Soffits Create a Clean Look
Most sloped roofing systems have rafter tails that extend beyond the exterior walls. While there are certain home styles that feature exposed rafter tails, such as Craftsman-style homes, most require soffits for a clean look. Soffits typically match the trim colors, but other colors can be used depending on the exterior color palette.
Traditional soffits are made from wood boards, but you can choose from other options, such as vinyl, aluminum and fiber cement. When choosing material for new soffits, keep in mind that they are exposed to the same conditions as your siding and roofing. A typical roofer would install a soffit that matches your existing siding. Many of today’s soffits feature built-in slots or vents that allow efficient ventilation.
Soffits Protect the Attic
The overhang between the roof edge and exterior wall shouldn’t be left open as it leaves the attic open to infiltration by dust, debris and small animals as well as damage caused by wind uplift. During extreme conditions, an open overhang can give wind enough hold to separate the roof from the rest of the house. Soffits help prevent such problems from happening.

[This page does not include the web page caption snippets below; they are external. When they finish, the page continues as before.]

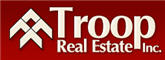 troop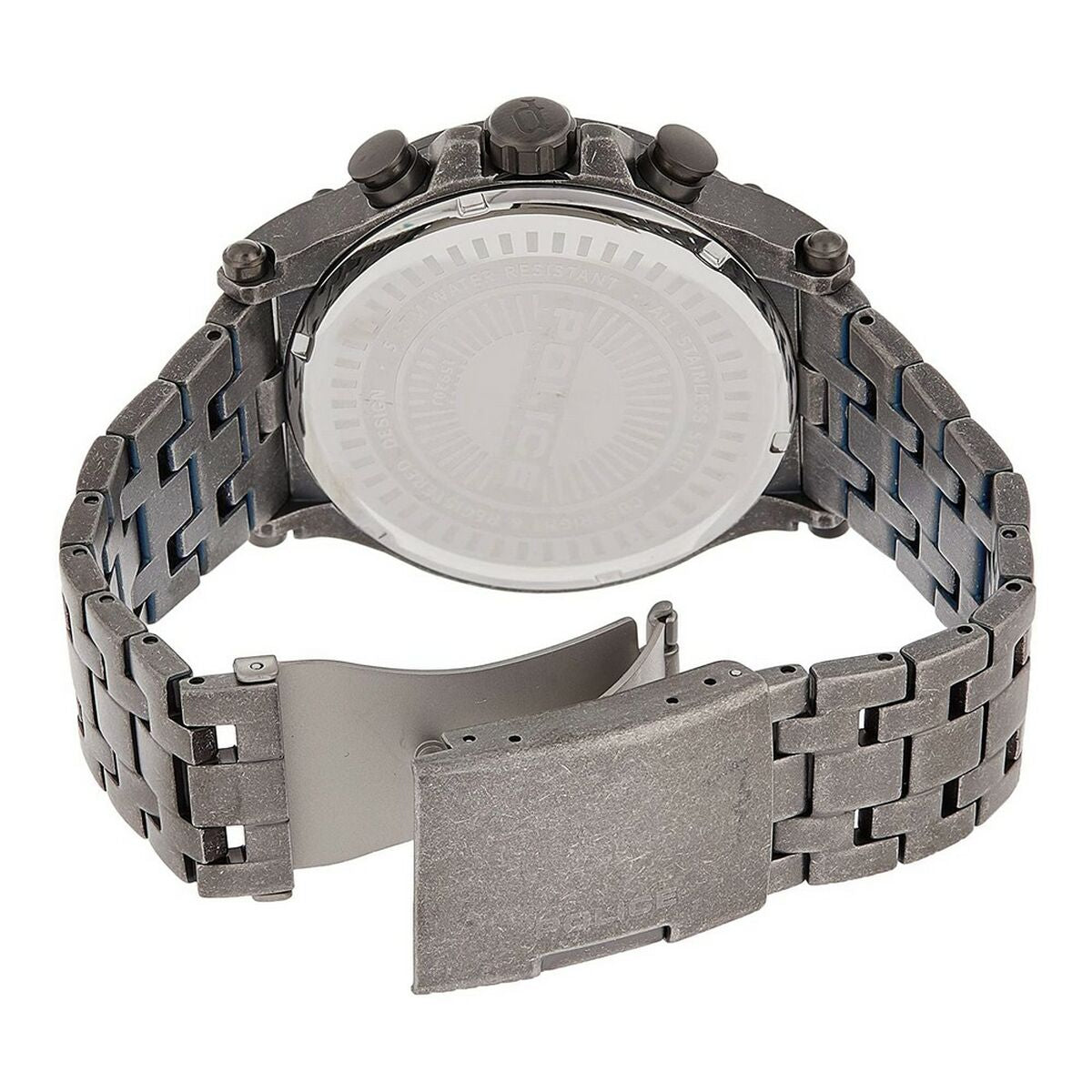 V8H16E713CE964438B8F7080994C4B2CC7FR4006098P2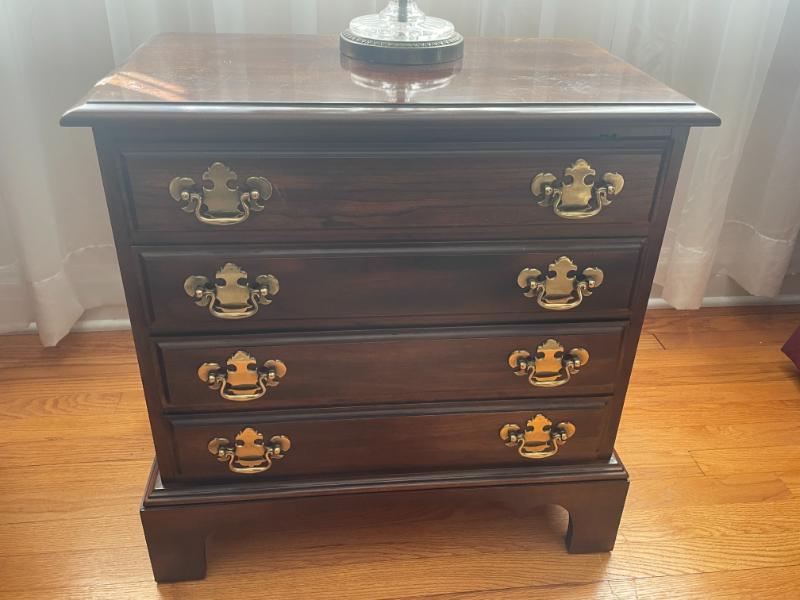 Sale Photo Thumbnail #547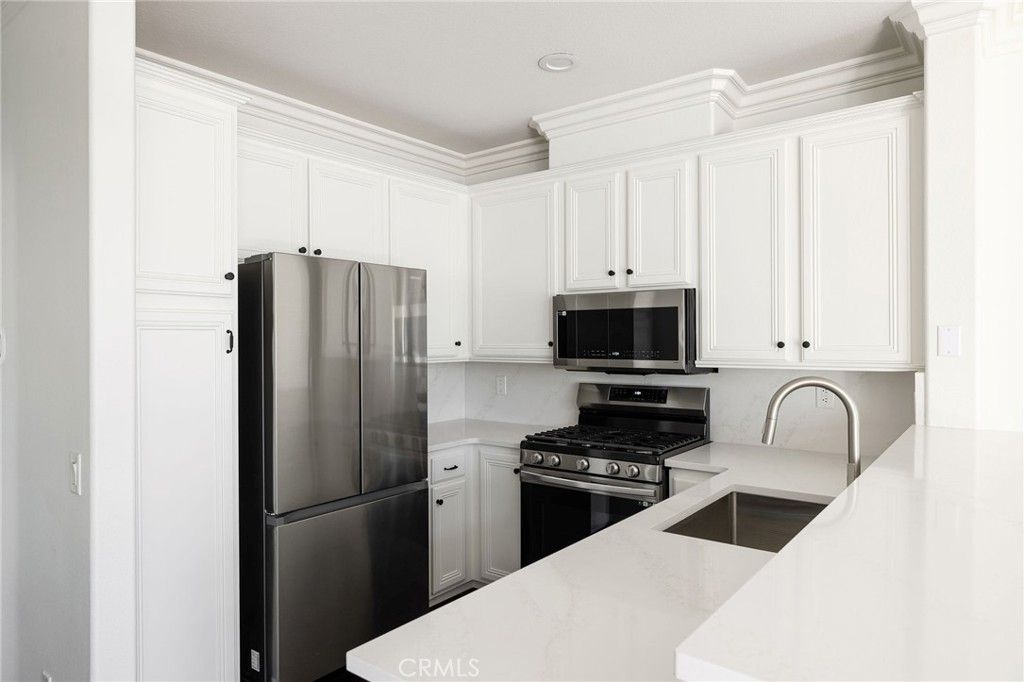 Photo of 12 Rabano, Rancho Santa Margarita, CA 92688 (MLS # OC26069948)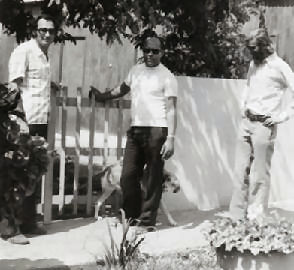 1977_CIL_PARROQUIA_SANTA.JPG, 20 KB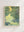 Claude Monet - Nilüferler IV fine art baskı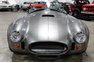 1965 Shelby Cobra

Soffits Allow Roof Ventilation
Roof ventilation helps prevent damage to the roof support system caused by trapped heat and moisture in the attic. Since heat tends to rise, exhaust vents located at the ridges release hot and moist air. The resulting negative pressure pulls cool air through vents in the soffits. Soffit vents need to be matched with the exhaust vents. Soffit vents that are too wide will let heat dissipate in other directions; vents that are too narrow wouldn’t let enough fresh air into the attic.